Exposé: Behind New Zealand’s $12b Defence Plan lies a quiet strategic realignment
The Government says New Zealand is facing its most challenging and dangerous strategic environment in decades. It is a warning and one that appears repeatedly throughout the Defence Capability Plan 2025, a document outlining the largest military spending increase in modern New Zealand history.
The Government cites a rapidly changing world, growing instability across the Indo-Pacific, intensifying geopolitical competition, and a security environment that can be argued bears little resemblance to the one New Zealand faced only a generation ago. The message portrayed is that the world has become more dangerous and New Zealand must prepare. But that alone raises some questions.
Since the Government unveiled its plan to spend approximately $12 billion on defence over four years, many mainstream media reports focused on the figures, the cost to taxpayers, and the practical challenges of rebuilding a Defence Force that has suffered from years of underinvestment.
What has received far less attention is what the Government actually intends to build.

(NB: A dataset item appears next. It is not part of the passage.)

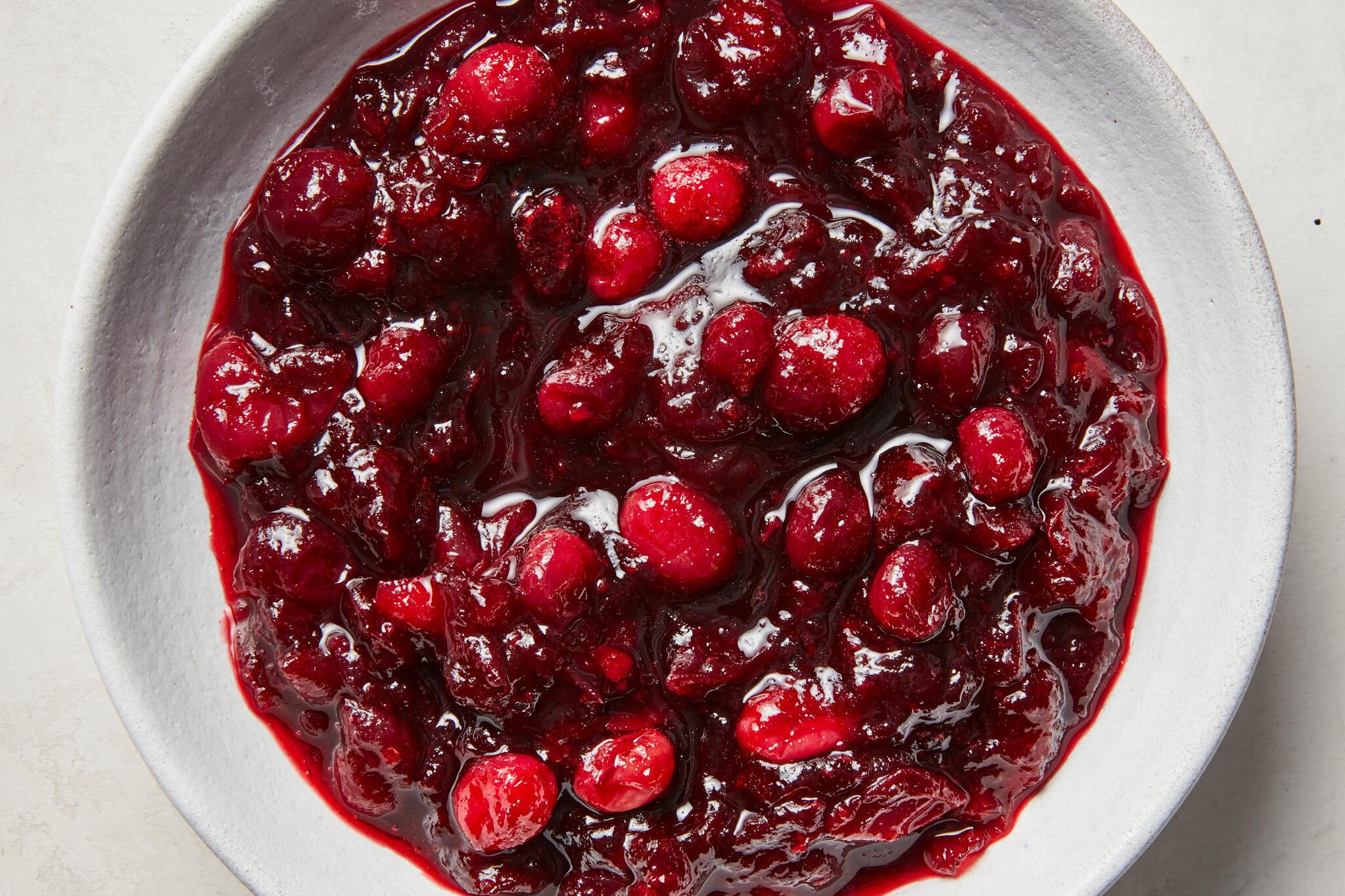 A bold twist on a classic: cranberry sauce with a splash of red wine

A closer examination of the Defence Capability Plan document, supporting Cabinet papers, ministerial statements, and associated policy documents reveals a concerning story that extends well beyond replacing ageing aircraft, upgrading military infrastructure, or purchasing new technology. Buried throughout hundreds of pages, broader transformation is taking shape, one that will not simply change what equipment the New Zealand Defence Force operates but may also redefine how it is expected to operate, who it is expected to operate alongside, and what role New Zealand intends to play in an increasingly contested region.
Throughout many publicly available documents released by the Government, each repeatedly describe the need for a Defence Force that is increasingly combat capable, interoperable with international partners, and able to contribute to collective security arrangements across the Indo-Pacific. These references to deterrence, strategic competition, coalition operations, and alliance integration appear throughout the Government's planning assumptions. They sit at the heart of a strategy that would significantly reshape New Zealand's military framework and deepen its integration with partner nations across the Indo-Pacific.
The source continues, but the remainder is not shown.